İlkel antropometrik ölçü sisteminde insan parmağı esas alınarak belirlenen uzunluk ölçüsü birimidir. Parmağa Kıbtîce’de ecba‘, İbrânîce’de esba‘, Arapça’da ısba‘, Pehlevîce’de engüst, Farsça’da engüşt / engül, Sanskritçe’de engül, Grekçe’de daktilos, Latince’de digitus, İngilizce’de finger (digit: işaret parmağının genişliği = ¾ inch), Fransızca’da doigt (pouce: baş parmak) denir. 994 (1586) yılına kadar Türkçe’de baş parmağın ucundan ilk eklemine kadar olan uzunluğa (SA, IV, 1594) -mimar arşınının yirmi dörtte birine eşitti- boğum adı verilirdi. Yan yatırılmış işaret parmağının tırnak kökü hizasındaki kısmının kalınlığına ise parmak denirdi ve arşının altmışta birini ifade ederdi. Buna göre boğum her biri on iki iplikten (Ar. hat) ibaret 2,5 parmağa denk sayılırdı. Bu tarihten sonra arşının yirmi dörtte birine parmak denilmiştir (Gökyay, İsmail Hakkı Uzunçarşılı’ya Armağan, s. 179; Pakalın, II, 4, 754; SA, IV, 1594). Arapça’da bu birimle orta parmağın orta boğumunun genişliği kastedilir (Şeyhürrabve ed-Dımaşkī, s. 13). İngilizce’de baş parmağın tırnak dibi hizasındaki kısmının genişliğini ifade etmek üzere inch sözcüğü kullanılır ki başağın ortasında yetişen arpalardan uç uca eklenmiş üçünün boyu uzunluğundadır. Elin baş parmak dışındaki dört parmağının genişliğine ise kabza (tutam) adı verilmiştir.

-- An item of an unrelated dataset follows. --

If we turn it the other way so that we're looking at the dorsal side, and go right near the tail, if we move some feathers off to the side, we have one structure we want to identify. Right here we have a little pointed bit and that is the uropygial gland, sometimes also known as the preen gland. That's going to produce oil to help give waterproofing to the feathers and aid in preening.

Ölçüler gelişip sistemleştikçe insan organlarından bağımsızlaşmış ve parmak da diğerleri gibi nisbeten standart bir uzunluk biriminin adı olmuştur. Birinin karnı diğerinin sırtına gelecek biçimde yan yana dizilmiş orta büyüklükte 6 (veya 7) arpa tanesi bir parmak sayılmıştır (Evliyâ Çelebi, Mekke arşınının parmağını 5 arpa olarak kaydeder, Seyahatnâme, IV, 536). Arpa da standartlaştırılarak yan yana birleştirilmiş 6 (veya 7) katır kuyruğu kılına eşitlenmiştir (İbnü’r-Rif‘a, s. 78-79). Ölçü birimi olarak parmağa ve kabzaya bağlanan bir fıkhî hüküm yoktur.

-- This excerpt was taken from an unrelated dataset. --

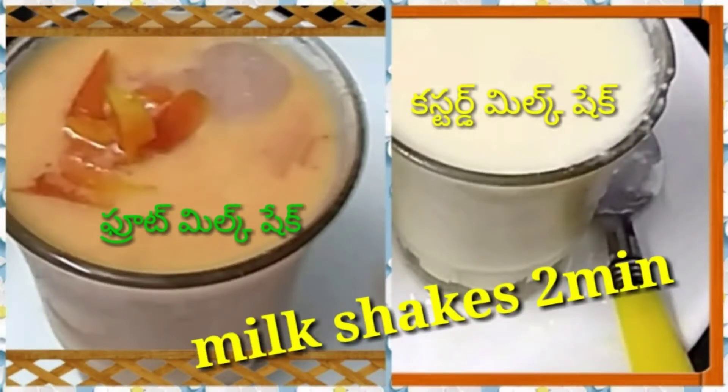Hi friends, I am Banu and I will prepare 2 healthy milkshakes in this video.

Yunan ve Roma arşını veya Mısır eski arşını ile aynı olan şer‘î arşının yirmi dörtte birine, kabzanın da dörtte birine denk gelen parmak (= 46,2 ÷ 24 =) 1,925 cm. civarındadır. Nil nehrinin su seviyesinin ölçümünde kullanılan arşınlardan birinin parmağı ise 2,25 cm. olarak hesaplanmaktadır (Popper, s. 105). İslâm tarihi boyunca parmak ölçüsü -türevi olduğu arşının uzunluğundaki değişikliklere paralel biçimde- zamana ve mekâna göre farklılıklar göstermiştir.

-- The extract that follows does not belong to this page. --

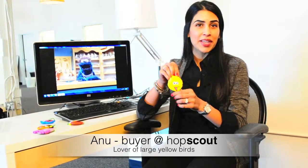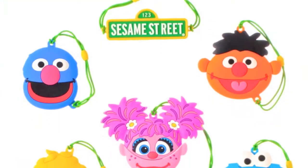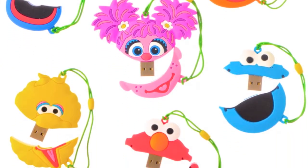My favorite character was Big Bird. Loved him. We chose the USB Sesame Street port because it's a really great item for kids. Kids can take it along with them on plane trips, car rides.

Osmanlı devrinde XV. yüzyılın sonlarına doğru parmak 100 ipliğe, iplik de 100 örümcek ağı teline eşit kabul edilirdi. Ekrem Hakkı Ayverdi’nin yayımladığı Süleymaniye Camii inşaatıyla ilgili kayıtlarda XVI. yüzyıl mimar arşınının değeri 73,3 cm. olarak verilmektedir ki bu ölçüye göre parmak 3,05 cm. demektir (Osmanlı Mi‘mârîsi III, s. 371-372; krş. Özdural, XV [1998], s. 101-115). III. Selim tarafından standart ölçü olmak üzere abanoz ağacından yaptırılıp Mühendishâne-i Berrî-i Hümâyun’a konulan mimar arşınının bir yüzü her biri 12 hattan ibaret olan 24 parmağa, diğer yüzü her biri onar hatlık yirmi eşit kısma bölünmüştür. 1841 yılında mimar arşınının değeri platin bir ayar arşını ile 75,7738 santimetrelik standarda bağlanmıştır. Buna göre parmağın askatları hat ve nokta (1 parmak = 12 hat = 144 nokta = 3,1572416 cm.), üskatları ise tutam / kabza, ayak / kadem ve arşın / zirâ‘dır. Mimar arşınının uzunluğu sonraki tarihlerde yapılan düzenlemelerle 75,775 cm. kabul edilmişken hesapları kolaylaştırmak için 1869’da 75,8 santimetreye tamamlanmıştır, bunun parmağı da 3,1583 cm. eder. Tersane arşınınınki ise yaklaşık 3,53 cm. kadardır (İnciciyan, II/8 [1965], s. 74). Ancak Hidiv Tevfik Paşa tarafından Ocak 1892’den itibaren geçerli olmak üzere çıkarılan 28 Nisan 1891 tarihli ölçü kararnâmesiyle Mısır’da 75 santimetrelik bir standarda bağlanan mimar arşınının parmağı 3,125 santimetredir. 29 Şevval 1298’de (24 Eylül 1881) yeni ölçülerin tanzim, tensik ve kullanım şekilleri hakkında eski ölçülerin karşılıklarını gösteren listeleri de ihtiva eden bir kararnâme yayımlanmıştır. Buna göre yeni arşının yüzde birini ifade eden parmak her biri 10 noktadan ibaret olan 10 hatta bölünmüştür (Fî 29 Şevval, s. 2, 4-5; Young, IV, 371; Système, s. 4). Bu durumda yeni parmak metrik sistemdeki santimetreye karşılık gelmektedir.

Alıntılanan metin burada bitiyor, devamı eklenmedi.